Afghanistan is a complicated country. In the continual geopolitical furori that have thrust an unassuming, ruggedly beautiful land with few resources a thousand miles from any major capital into the global spotlight, it is easy to forget that it is notable for anything besides war.
But Afghanistan has a fascinating linguistic heritage, reflecting the diversity of Central Asia and holding a unique place in the patrimony of one of the world’s great languages. Modern Afghanistan’s two official languages, Dari and Pashto, are members of the Indo-Iranian branch of the Indo-European language family. They are cousins of Farsi, all of them being descendants of the Middle Persian of the old Persian Empire.
Dari, the traditional administrative language and lingua franca of the country spoken as a first or second language by over three quarters of the population, is mutually intelligible with Farsi. In fact, until the Pashtun-dominated government defined it as a separate language in 1964, it was considered a dialect of Persian. Many of its speakers still consider it as such; the label confusion has caused headaches for uninformed foreigners operating in the country. It can, however, play well to the linguistically-inclined: the polyglot US politician Pete Buttigieg brags that in seven months in Afghanistan he learned both Farsi and Dari, which is impressive, but sounds considerably more so to foreigners than to Afghans.
Pashto is the native language of about half the population, making Pashtuns the largest group in Afghanistan by a significant margin. The Pashtuns have dominated Afghan politics since the country was just a province of the Safavid Empire of medieval Persia.
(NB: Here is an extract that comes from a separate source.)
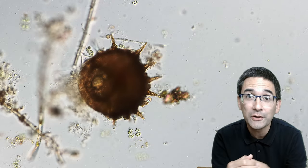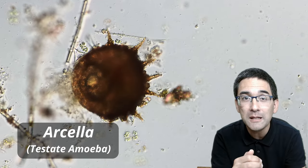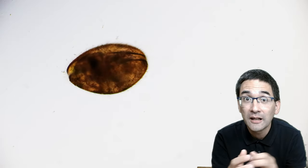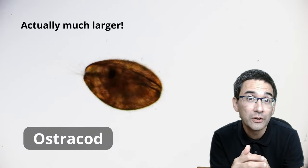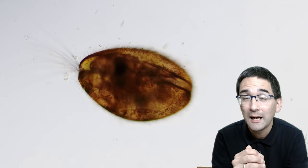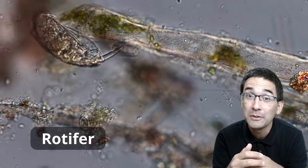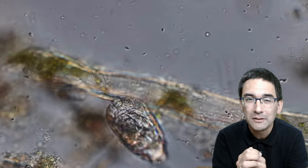This one over here is also very common and is a so-called test — a test is a shell of an amoeba. Amoeba are single-celled protists that are able to change their shape. Slightly larger are the so-called ostracods, which belong to the crustaceans — they're related to crabs. Other multicellular organisms found are rotifers, though I didn't find so many of those because unfortunately many had already died out as the sample was a little too old.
More than any other group, they identify themselves with Afghanistan’s ancient record of resisting invading empires. When the mighty Persian Empire collapsed at the feet of Alexander the Great, they held strong (though small communities of Greek settlers survived for centuries). In the past century and a half, they have worsted the British, the Soviets, and now the Americans.
One might expect that a people whose heritage revolves around resisting foreigners would have a pretty conservative language, and Pashto does not disappoint. It retains much ancient Persian vocabulary and grammatical complexity that was lost in Farsi. Its standing in the Indo-Iranian family is similar to in Germanic languages of Icelandic, another isolated tongue that gives us the closest glimpse of how everyone spoke a millennium ago.
Other major Persian ethnic groups include the Tajiks, who, as one might expect, live near Tajikistan, and Hazaras, who were viciously persecuted by the Taliban in the 1990s and unfortunately probably will be again.
Uzbeks, who compose about 10% of Afghanistan’s population, are different. They speak a Turkic language closely related to those of other “-stan” countries (except Tajikistan), and more distantly to that of their jumped-up cousins who made a grand name for themselves in Anatolia. Outside the big hitters, German-Finnish linguist Harald Haarman estimates that Afghanistan is home to more than three dozen minor languages and around 200 dialects. Probably the most eccentric is Brahui, whose closest relatives are in southern India. Big languages other than Dari and Pashto were recognized as regional languages under Afghanistan’s 2004 constitution, but in the resurrected Taliban emirate, their official future is unclear.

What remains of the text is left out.